Israel: A Home Movie
Film Review by Kam Williams
Most people’s general impressions of Israel come as a result of watching news stories prepared by professional journalists. If you’re interested in getting a more intimate feeling of the country untainted by politics, you might want to check out this documentary by Eliav Lilti.
The movie is basically a collage of home movies shot by amateur shutterbugs on Super 8 film between the Thirties and the Seventies. Besides reminding us of mundane fare like birthdays and bar mitzvahs, it covers subject-matter ranging from euphoric Romanian refugees dancing on the deck of a boat as they arrive in Israel, to a nurse comforting a wounded private who has just lost three limbs in battle, to settlers building in the occupied territories.
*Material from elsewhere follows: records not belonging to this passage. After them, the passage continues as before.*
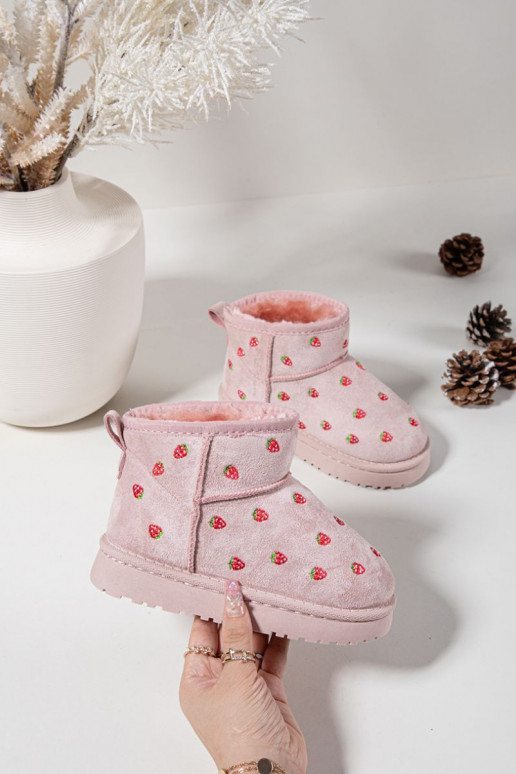 Botas de neve InfantilTruskaParakami cor rosa Gracina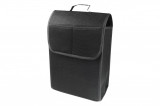 Organizator geanta portbagaj auto FB01 AMiO, universal pentru orice masina, cu maner, 2 buzunare, montaj usor, negru, 26x14x32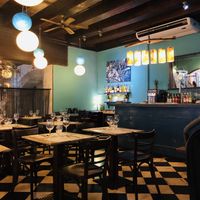 Inside was cool and relaxing, a really nice atmosphere. at Bon Lloc in Mallorca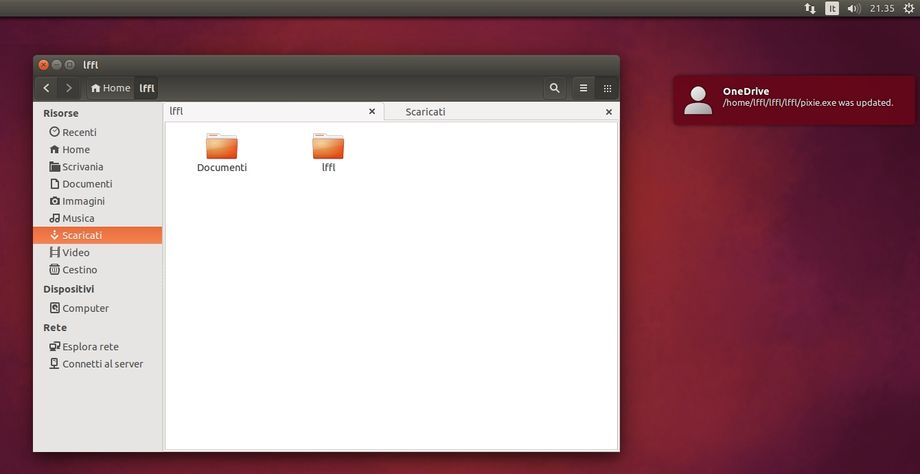 onedrive-d in Ubuntu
Together, these assorted images prove fascinating, since they paint the melancholy, collective psyche of a haunted homeland hopelessly caught in cycles of conflict where the next crisis might lurk just around the corner. For, here, we see a Jewish family grieving a young man murdered in a terrorist attack. And there, we hear a shell-shocked soldier declare, “God bless morphine!”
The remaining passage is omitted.